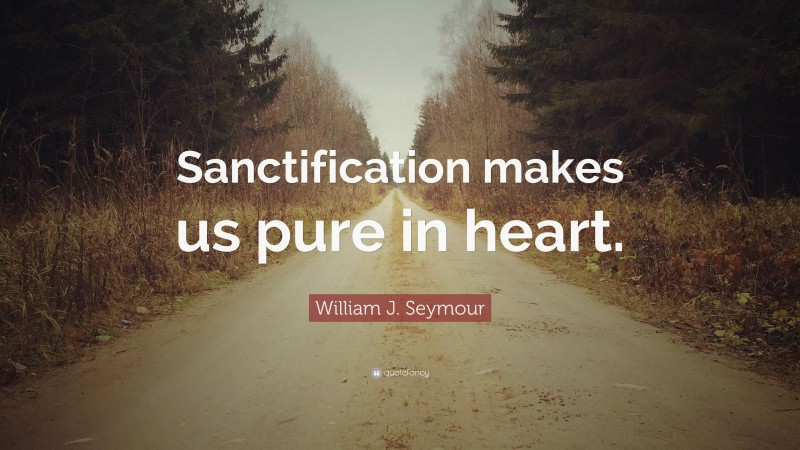 William J. Seymour Quote: “Sanctification makes us pure in heart.”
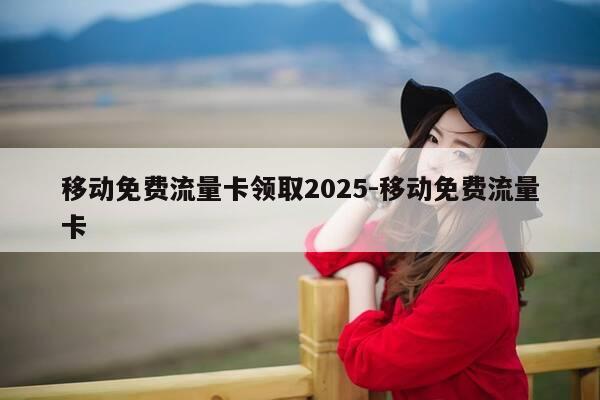 移动免费流量卡领取2025-移动免费流量卡-第1张图片-优惠活动网 移动免费流量卡领取2025-移动免费流量卡-第1张图片-优惠活动网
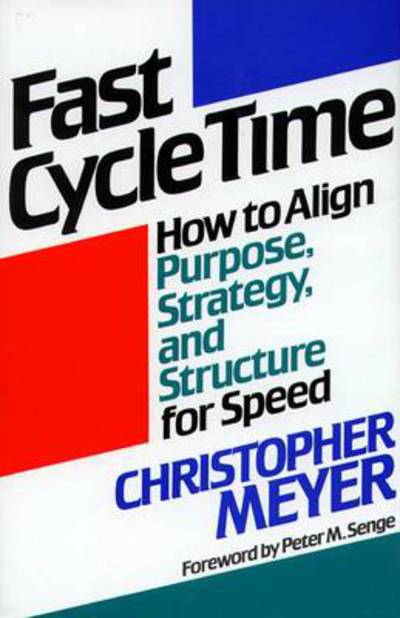 Cover for Christopher Meyer · Fast Cycle Time: How to Align Purpose, Strategy and Structure for Speed (Book) (1993)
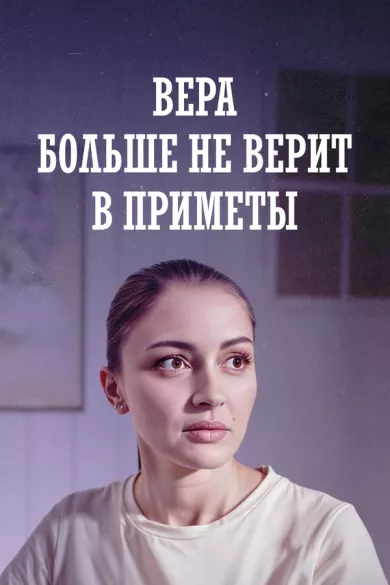 сериал Вера больше не верит в приметы описание серий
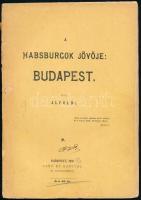 Alföldi: A Habsburgok jövője: Budapest. Politikai röpirat. Bp., 1891, Gerő és Kostyál, 31 p. Kiadói papírkötés, szakadt borítóval. Aukción még nem szerepelt. Ritka!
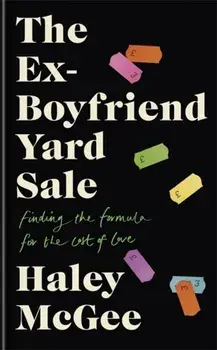 Ex-Boyfriend Yard Sale. Finding the formula for the cost of loveTHE PERFECT SUMMER READ, Hardback/Haley Mcgee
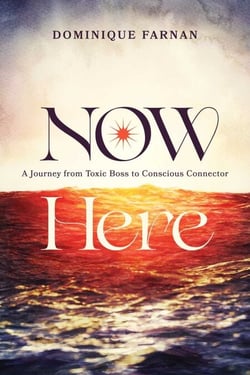 Now Here - A Journey from Toxic Boss to Conscious Connector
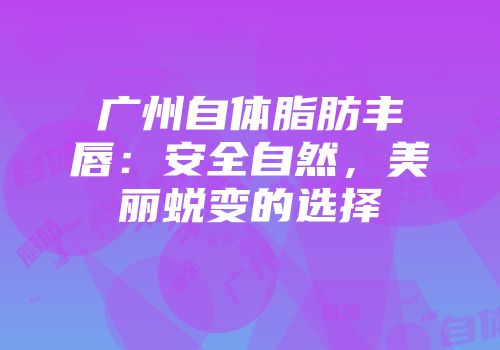 广州自体脂肪丰唇：安全自然，美丽蜕变的选择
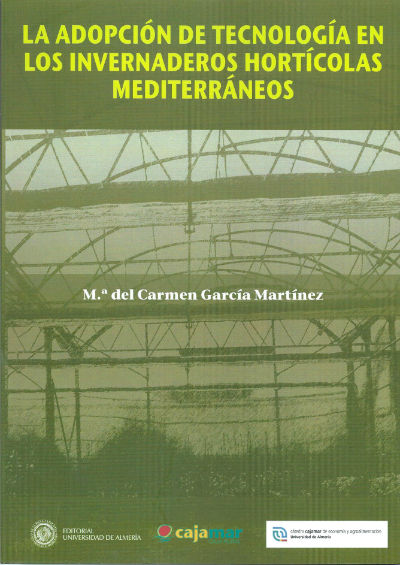 Könyv La adopción de tecnología en los invernaderos hortícolas mediterráneos García Martínez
----------------------------------------
• [REQUIRED WORK]:
Everything above from the line containing "Ex-Boyfriend Yard Sale." through the line containing "广州自体脂肪丰唇：安全自然，美丽蜕变的选择" must be repeated exactly, and the pictures must be left out.

• [YOUR SOLUTION]:
 Ex-Boyfriend Yard Sale. Finding the formula for the cost of loveTHE PERFECT SUMMER READ, Hardback/Haley Mcgee
 Now Here - A Journey from Toxic Boss to Conscious Connector
 广州自体脂肪丰唇：安全自然，美丽蜕变的选择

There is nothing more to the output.